#### EXERCISE DATA:

-------------------------

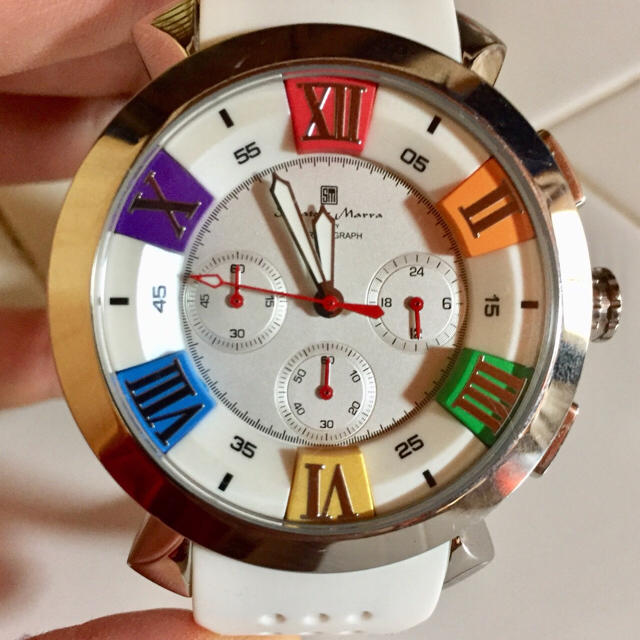 Salvatore Marra - イタリア製 サルバトーレマーラ salvatore marra 腕時計 中古の通販 by sakura's
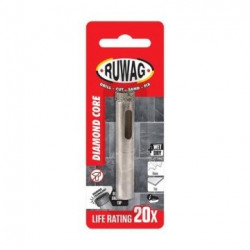 12mm Diamond Tile Bit Carded
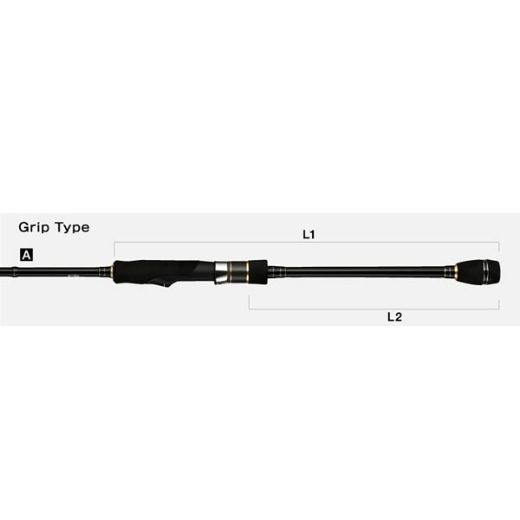 Tailwalk Egist SSD 86ML/SL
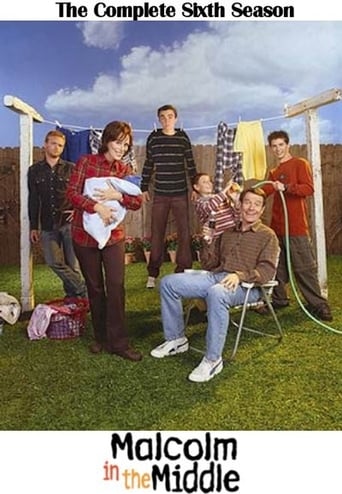poster Malcolm in the Middle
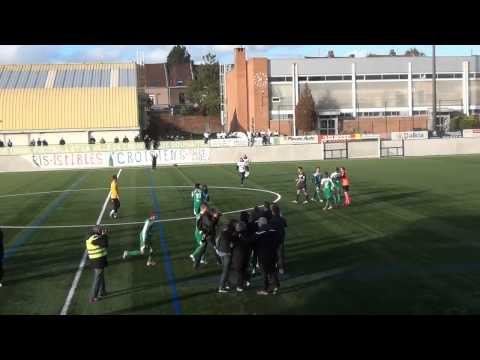 24 J. CFA 2   IC CROIX -  AFC COMPIEGNE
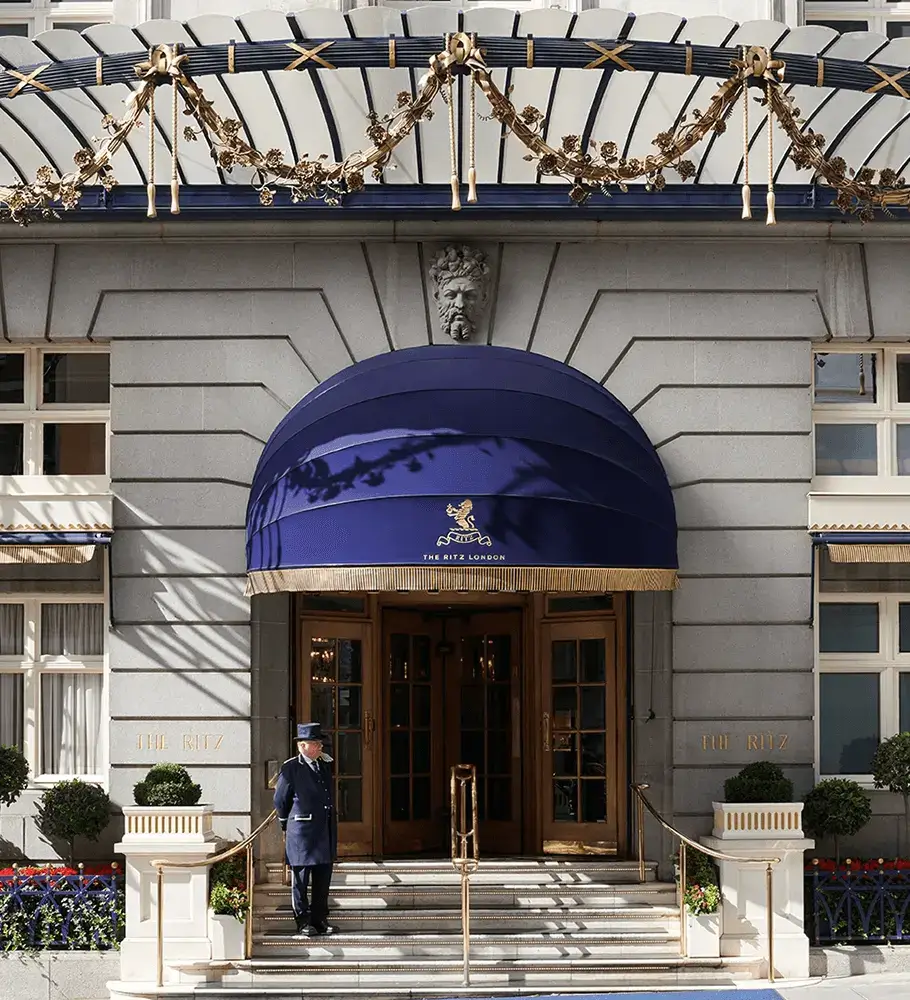 The Ritz Hotel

-------------------------

#### PROBLEM TO WORK ON:
Beginning with the line containing "Tailwalk Egist SSD 86ML/SL" and ending with the last line of the data above, repeat each line exactly. Include no pictures and no other lines.

#### YOUR SOLUTION:
 Tailwalk Egist SSD 86ML/SL
poster Malcolm in the Middle
 24 J. CFA 2   IC CROIX -  AFC COMPIEGNE
 The Ritz Hotel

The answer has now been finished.